Nonetheless, this did not prevent the Clippers from signing a 40-year-old Hill to a two-year deal worth $4 million in 2012. Sure, that can be considered as a rather insignificant sum, but there’s no denying that that was a bad deal. Hill ended up playing in just 29 games for L.A., averaging 3.2 points and 1.7 rebounds in 15.1 minutes per contest.
Grant Hill is a Hall of Famer, but it certainly wasn’t because of his stint with the Clippers.
4. Josh Smith
In the summer of 2015, the Clippers were looking for some wing reinforcements, and they decided to turn their attention to Josh Smith. It was clear that the 6-foot-9 swingman was falling off, as his production consistently dipped year after year prior to signing with L.A. Needless to say, he was no longer the versatile and athletic player that once averaged close to a double-double with a healthy dose of defensive stats.
The Clippers played it safe with Smith, signing him on a one-year deal that cost them just $1.5 million. In turn, Smith averaged 5.7 points, 3.9 rebounds, 1.1 assists, and 1.1 blocks in just 32 games played for the squad. The Clippers quickly pulled the plug on the Josh Smith experiment, sending him off to the Houston Rockets after just six months in L.A.
3. Paul Pierce
Much like Grant Hill, Paul Pierce was one of the top players in the league during his prime. A 10-time All-Star, a four-time All-NBA team member, and a former Finals MVP, the 6-foot-7 swingman won the title with the Boston Celtics in 2008. It wasn’t until seven years later, though, when the Clippers decided to sign the veteran to a three-year deal worth $10.6 million. At that time, Pierce was already 38, and to say that he was a shadow of his former self would be an understatement.

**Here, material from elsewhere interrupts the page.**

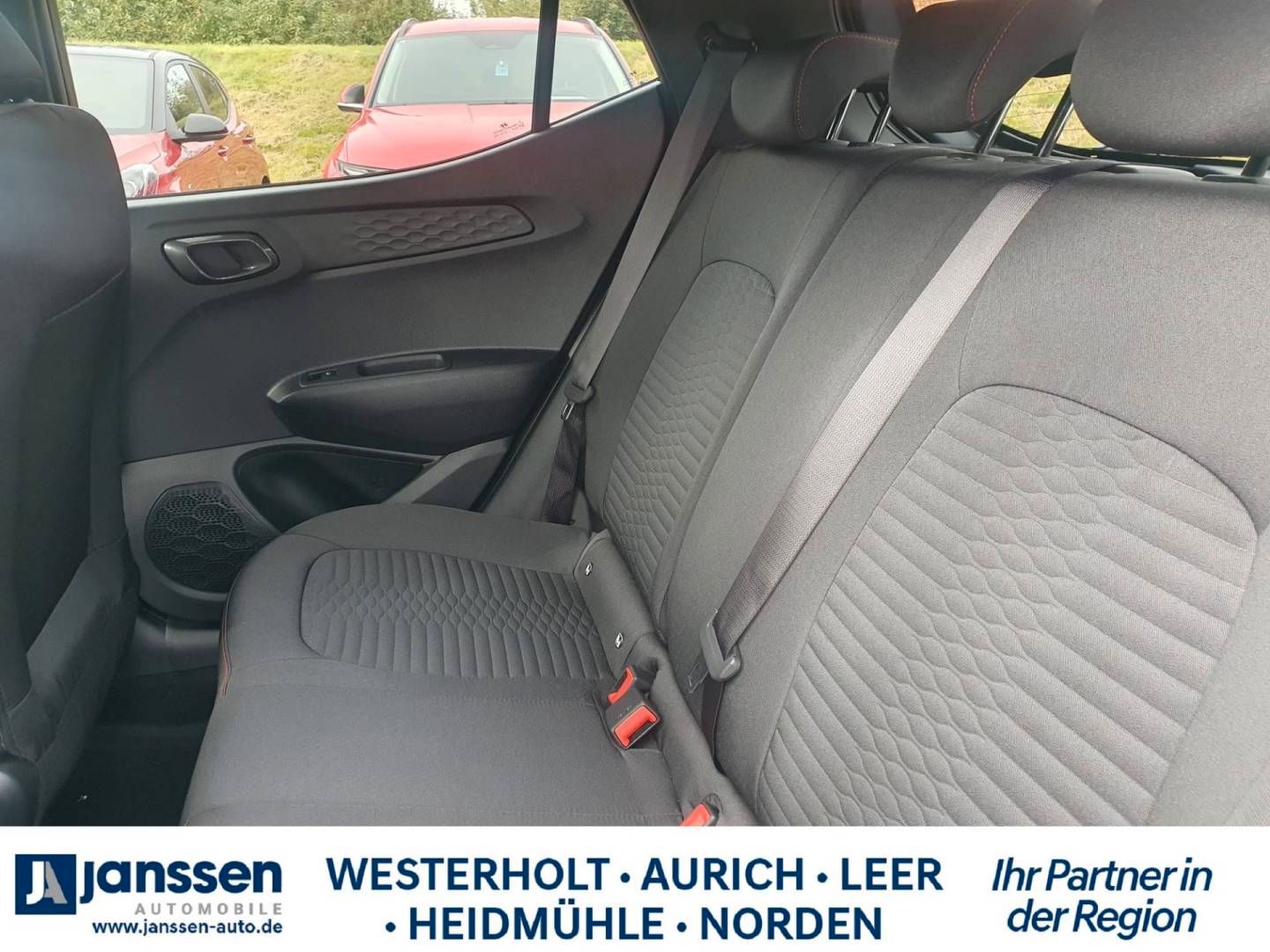 Fahrzeugabbildung Hyundai i10 FL (MY25) 1.0 T-GDI (90 PS) 5-MT 2WD N Line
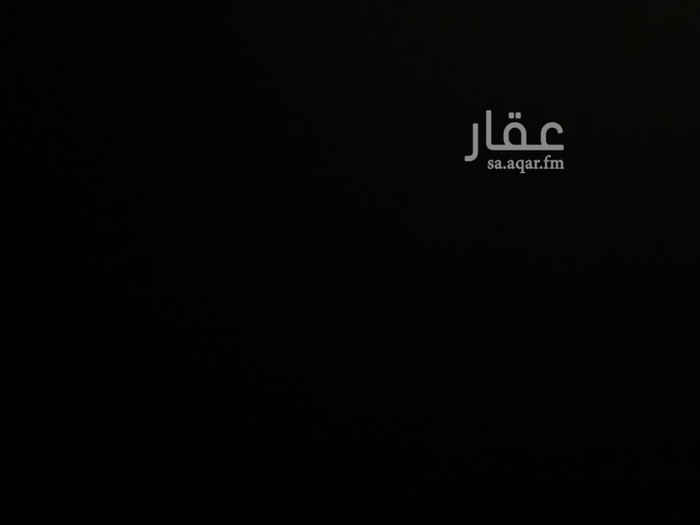 1633717 مطلووب شقق عزاب بشرق الرياض غرفتين وصالة ومجلس وبأي سعر يبيها بس تكون نظيفه وبحي كويس وشكرا..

Pierce ended up playing just two out of the three years he signed for with L.A, averaging 5.4 points, 2.5 rebounds, and 1.0 threes per game. In 2017, after two seasons, the Clippers waived Pierce.
2. Spencer Hawes
Prior to the 2014-15 campaign, the Clippers were in need of a stretch big that could potentially help their current lineup. They turned their attention to free agent Spencer Hawes, who was coming off a tremendous year between the Philadelphia 76ers and the Cleveland Cavaliers. L.A. signed him to a four-year deal worth $22.7 million, and as it turned out, it was not the best decision they ever made.
Hawes just did not fit in with their system, as the 7-foot-1 big man’s production dropped significantly in his first season with the Clippers. He put up just 5.8 points, 3.5 rebounds, and 0.8 triples on an inefficient 31.3 percent clip. L.A. cut their losses soon after, trading Hawes to the Charlotte Hornets the following summer.
1. Baron Davis
If you thought the other four deals above were bad, then you’re in for a treat with this one. In July of 2008, the Clippers signed Baron Davis to a humongous $65 million deal for five years. It didn’t look bad at all at that time, given how the high-scoring point guard averaged 21.8 points, 4.7 rebounds, 7.6 assists, 2.3 steals, 0.5 blocks, and 2.1 triples the previous season with the We Believe Golden State Warriors.
As soon as he joined the Clippers, Davis’ production plummeted. He was still a top-notch point guard, but not one that deserved an average of $13 million per season. In tow and a half seasons with L.A., the former third overall pick averaged 14.6 points, 3.4 rebounds, 7.6 assists, 1.6 steals, 0.5 blocks, and 1.2 3-pointers. Again, those numbers were not terrible by any means, but they sure weren’t the elite level of production the Clippers were hoping for.